Stored data:
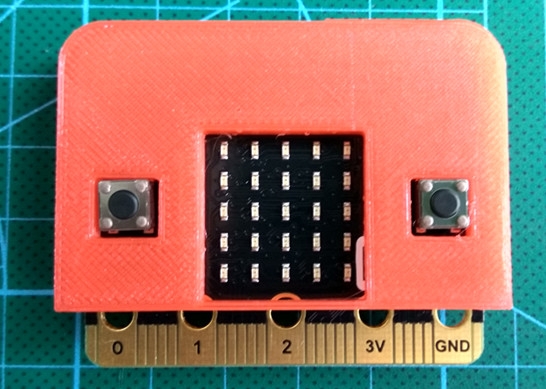 BBC micro:bit的新装——分享两款精致的3D打印外壳图3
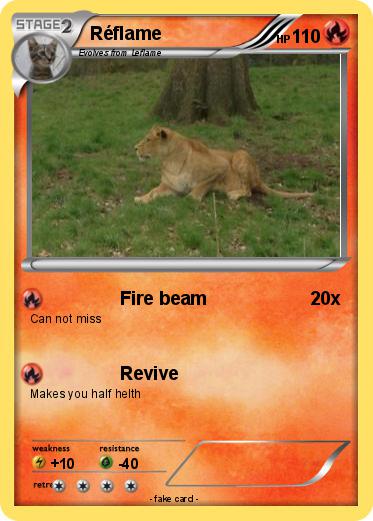 Pokemon Réflame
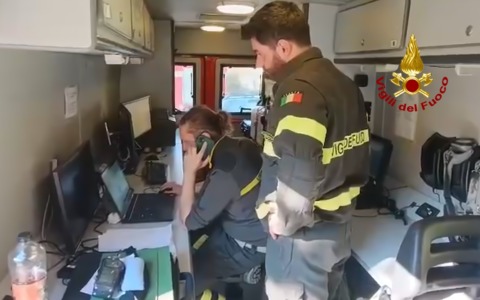 Due escursionisti dispersi sul Monte Falterona, salvati dal Soccorso Alpino
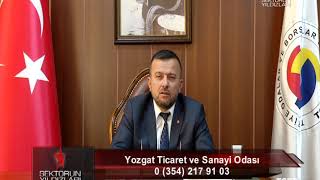 YOZGAT TİCARET VE SANAYİ ODASI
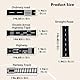 10 Stück Straße Washi Tape Set Autobahn Eisenbahn DIY Dekoratives Klebeband für Kinder Spielzimmer Basteln Schule Verkehrserziehung Selbstklebend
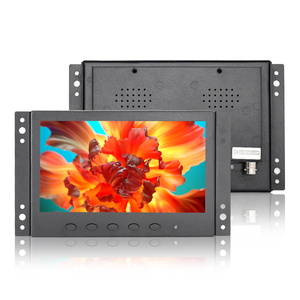 <strong>LCD</strong> Capacitive Touch <strong>Monitor</strong>, IPS HD Brightness Screen, Resolution 1024*600, Open Industrial Touchmonitor - Product Image 1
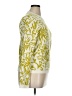 Tahari Tropical Yellow Pullover Sweater Size XL - photo 4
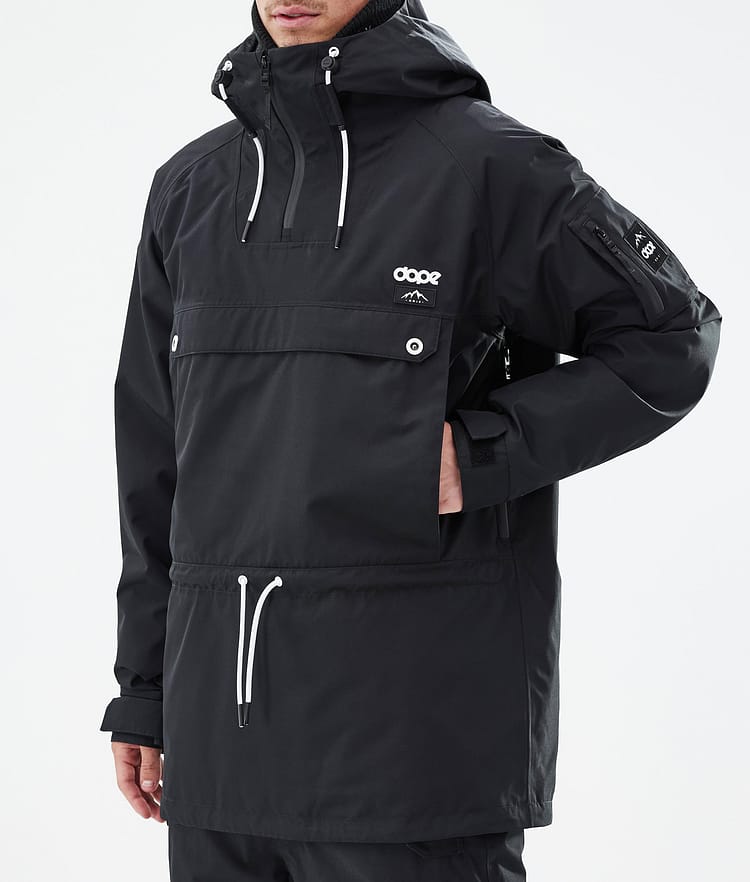Dope Annok Snowboard Jacket Men Black Renewed, Image 8 of 8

**Task instructions:** Reproduce exactly the lines above starting at the line containing "Pokemon Réflame" and ending at the line containing "10 Stück Straße", including both, but not the pictures.

**Answer area:**
 Pokemon Réflame
 Due escursionisti dispersi sul Monte Falterona, salvati dal Soccorso Alpino
 YOZGAT TİCARET VE SANAYİ ODASI
 10 Stück Straße Washi Tape Set Autobahn Eisenbahn DIY Dekoratives Klebeband für Kinder Spielzimmer Basteln Schule Verkehrserziehung Selbstklebend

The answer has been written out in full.